L’économie est-elle une science?

Huit années après l’éclatement de la crise financière globale, suite à la mise en faillite aux États-Unis de la banque d’affaires Lehman Brothers (qui a allumé l’étincelle de la crise dans la zone euro), les économistes de la pensée dominante continuent de tourner en rond pour trouver les clés de sortie de la situation qui désormais risque de coûter cher aussi, en termes politiques, à Angela Merkel et à François Hollande, tous les deux appelés à être évincés lors des élections qui auront lieu en 2017 dans leur propre pays.

Au lieu de faire preuve d’ouverture d’esprit, nécessaire aussi pour faire leur autocritique, ces économistes sont de plus en plus nombreux à se cantonner dans ce que deux d’entre eux ont appelé «le négationnisme économique», suscitant des réponses fermes et bien argumentées de la part d’une poignée d’économistes «hétérodoxes» en France.

Plutôt que d’être une science, l’économie est désormais devenue une religion, à en juger par les «guerres de religion» auxquelles se livrent bien de ses adeptes, considérant notamment que leur force de frappe réside dans le nombre des partisans de la pensée dominante au lieu de reposer sur le pouvoir de persuasion de leurs arguments.

Tout n’est pas perdu, néanmoins, car la vérité, même à l’égard de la «science économique», finit toujours par s’imposer, coûte que coûte.
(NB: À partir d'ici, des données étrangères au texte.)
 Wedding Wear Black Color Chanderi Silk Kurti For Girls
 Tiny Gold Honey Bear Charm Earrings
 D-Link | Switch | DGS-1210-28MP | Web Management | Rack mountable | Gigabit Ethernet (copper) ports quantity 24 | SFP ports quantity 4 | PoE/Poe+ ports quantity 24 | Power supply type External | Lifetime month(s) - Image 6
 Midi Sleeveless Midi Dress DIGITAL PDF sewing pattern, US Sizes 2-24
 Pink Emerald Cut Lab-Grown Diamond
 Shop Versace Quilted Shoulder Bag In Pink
Or, l’évidence empirique laisse penser que le changement ne va pas s’opérer à l’initiative de la communauté scientifique, mais va résulter de la demande émanant des milieux estudiantins, qui depuis le début de la crise financière globale sont de plus en plus nombreux à vouloir un enseignement de l’économie respectueux du pluralisme scientifique nécessaire pour l’ouverture d’esprit et l’émancipation intellectuelle des nouvelles générations d’économistes.
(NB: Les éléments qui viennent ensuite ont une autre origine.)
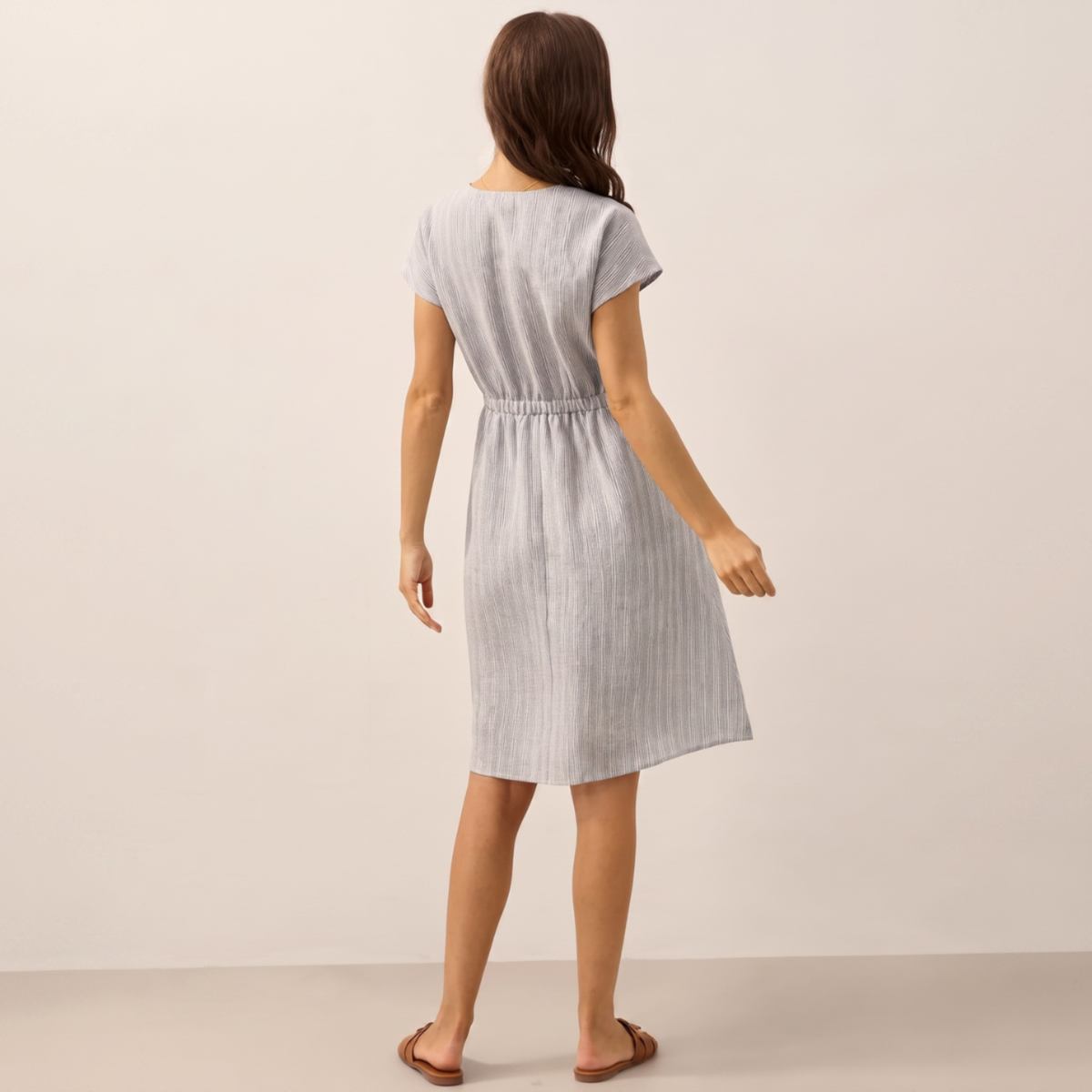 Aria Striped Linen Mini Dress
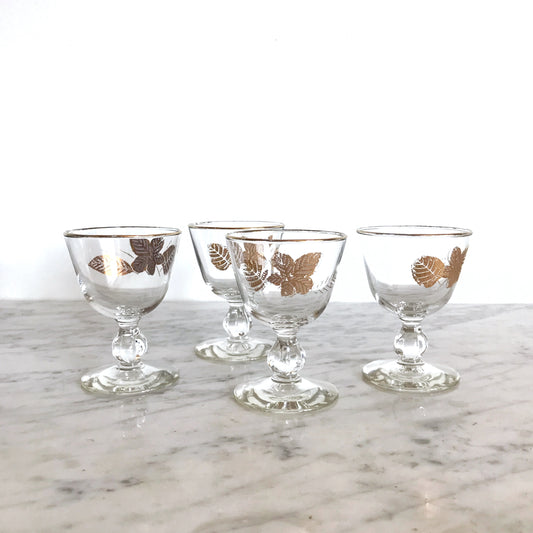 Set of 4 Vintage Gold Leaf Glasses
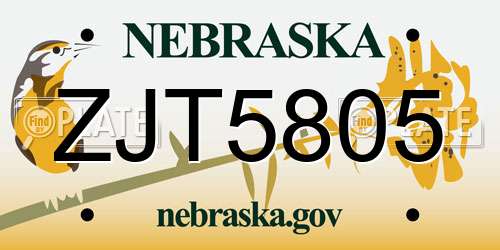 ZJT5805 Nebraska License Plate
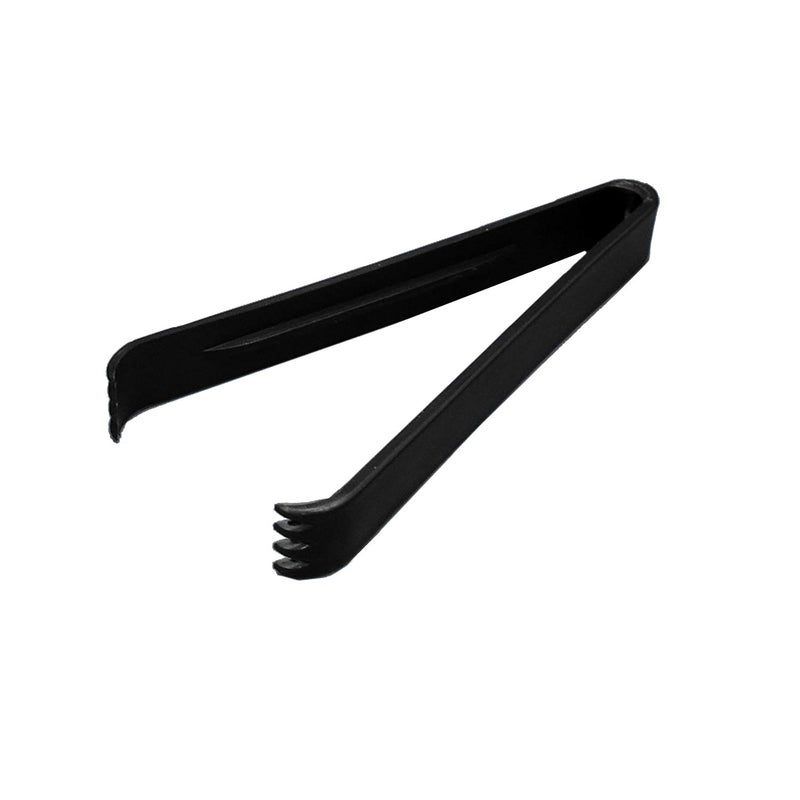 Party Essentials 6.5" Plastic Serving Tongs, 8-Count, Black - Image 1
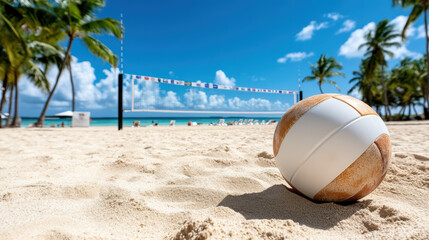 Obraz premium beach volleyball court with ball on sandy shore and palm trees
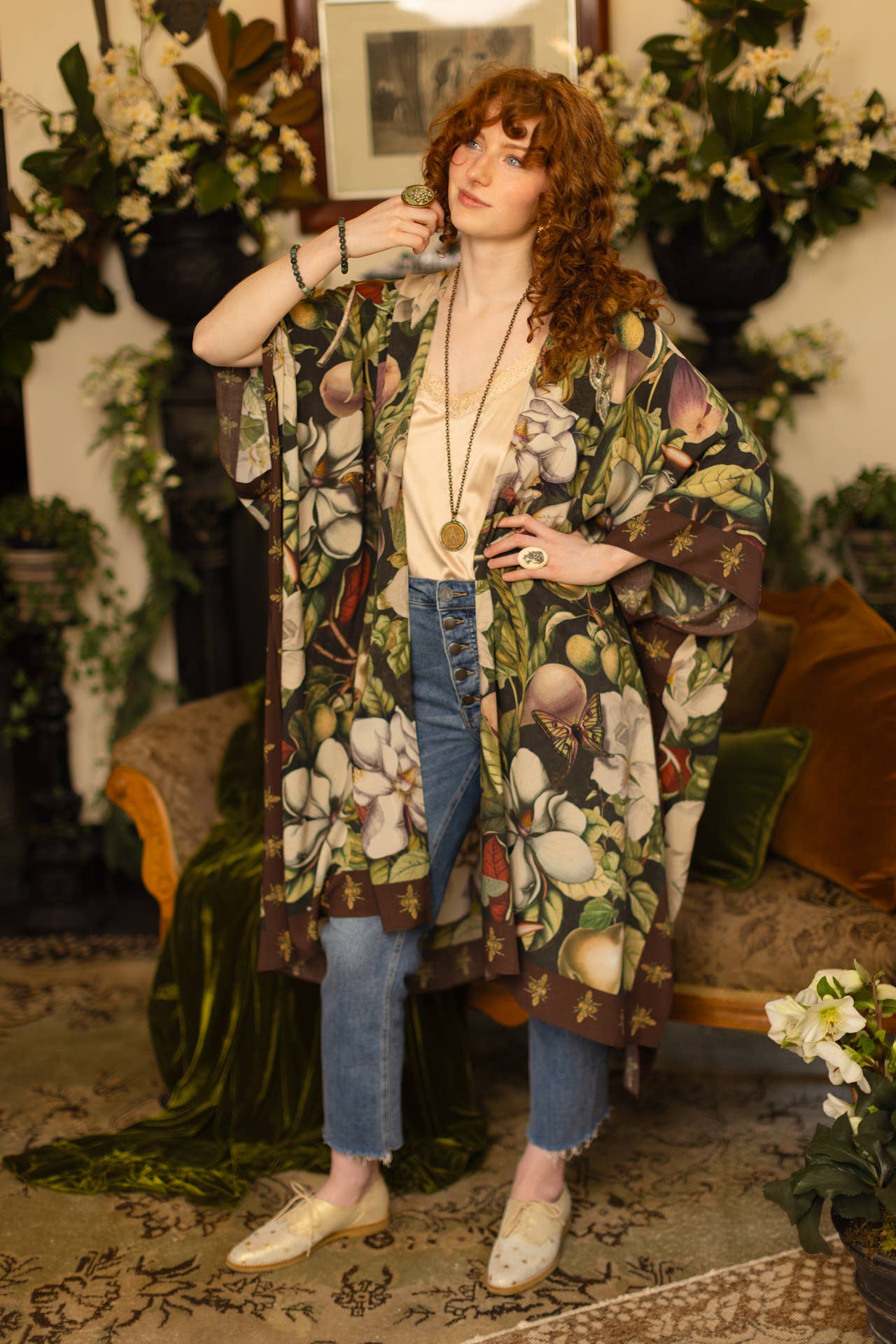 Fleur De Lune Kimono w/ Florals & Bees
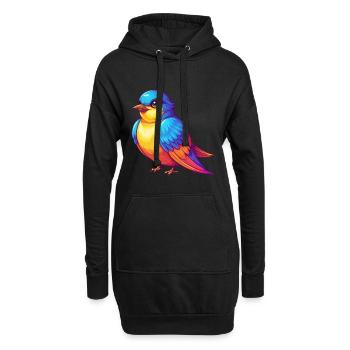 Schwalbe Bunte Kawaii Cartoon Figur Vogel - Hoodie-Kleid - Schwarz - Vorne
Le Manuel d’économie critique publié le mois passé par Le Monde diplomatique est une contribution de taille au débat de société et au développement d’une approche œcuménique pour le bien commun. L’économie est trop importante pour être laissée aux mains des seuls économistes «orthodoxes», même si «une vérité nouvelle, en science, n’arrive jamais à triompher en convainquant les adversaires et en les amenant à voir la lumière, mais plutôt parce que finalement ces adversaires meurent et qu’une nouvelle génération grandit à qui cette vérité est familière» (Max Planck, Autobiographie scientifique, 1960, pp. 84–85).

Sergio Rossi

Sergio Rossi est professeur ordinaire à l’Université de Fribourg, où il dirige la Chaire de macroéconomie et d’économie monétaire, et Senior Research Associate à l’International Economic Policy Institute de la Laurentian University au Canada.